### DATA LISTING
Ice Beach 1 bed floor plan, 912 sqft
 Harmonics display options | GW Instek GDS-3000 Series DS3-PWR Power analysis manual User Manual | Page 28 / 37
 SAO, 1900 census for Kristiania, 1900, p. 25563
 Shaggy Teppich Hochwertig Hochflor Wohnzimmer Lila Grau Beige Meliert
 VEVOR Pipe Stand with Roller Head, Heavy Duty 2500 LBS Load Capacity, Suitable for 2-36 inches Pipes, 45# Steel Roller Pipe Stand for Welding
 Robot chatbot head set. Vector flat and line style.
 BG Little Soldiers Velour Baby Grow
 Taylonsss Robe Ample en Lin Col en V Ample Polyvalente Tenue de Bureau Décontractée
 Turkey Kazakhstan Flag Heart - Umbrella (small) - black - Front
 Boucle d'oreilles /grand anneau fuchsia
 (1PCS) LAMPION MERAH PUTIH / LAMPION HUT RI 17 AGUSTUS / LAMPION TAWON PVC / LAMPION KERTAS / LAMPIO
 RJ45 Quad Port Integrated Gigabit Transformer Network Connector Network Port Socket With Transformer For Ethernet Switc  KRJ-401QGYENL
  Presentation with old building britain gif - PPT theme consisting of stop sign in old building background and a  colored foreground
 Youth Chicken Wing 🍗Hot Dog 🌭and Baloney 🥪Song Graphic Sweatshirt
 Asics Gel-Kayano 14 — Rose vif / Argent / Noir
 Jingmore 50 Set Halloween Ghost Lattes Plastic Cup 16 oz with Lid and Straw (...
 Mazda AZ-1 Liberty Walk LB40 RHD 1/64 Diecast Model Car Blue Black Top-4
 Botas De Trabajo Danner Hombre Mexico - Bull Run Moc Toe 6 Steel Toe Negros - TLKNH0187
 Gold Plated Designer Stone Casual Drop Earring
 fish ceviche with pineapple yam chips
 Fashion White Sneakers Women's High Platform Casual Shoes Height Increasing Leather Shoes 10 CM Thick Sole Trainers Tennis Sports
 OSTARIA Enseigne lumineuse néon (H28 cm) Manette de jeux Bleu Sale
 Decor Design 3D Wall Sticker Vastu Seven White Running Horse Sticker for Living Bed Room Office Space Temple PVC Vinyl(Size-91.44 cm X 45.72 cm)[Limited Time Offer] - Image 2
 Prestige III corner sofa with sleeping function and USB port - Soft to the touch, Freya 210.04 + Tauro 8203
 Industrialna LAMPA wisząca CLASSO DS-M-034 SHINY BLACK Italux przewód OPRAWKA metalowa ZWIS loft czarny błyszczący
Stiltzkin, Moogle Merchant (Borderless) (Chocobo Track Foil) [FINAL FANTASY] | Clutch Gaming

### WHAT YOU SHOULD DO
In the records above, find the line with "OSTARIA Enseigne lumineuse"; write out exactly that line and each one after it, stopping after the line with "Decor Design 3D".

### SOLUTION FOR THIS PROBLEM
 OSTARIA Enseigne lumineuse néon (H28 cm) Manette de jeux Bleu Sale
 Decor Design 3D Wall Sticker Vastu Seven White Running Horse Sticker for Living Bed Room Office Space Temple PVC Vinyl(Size-91.44 cm X 45.72 cm)[Limited Time Offer] - Image 2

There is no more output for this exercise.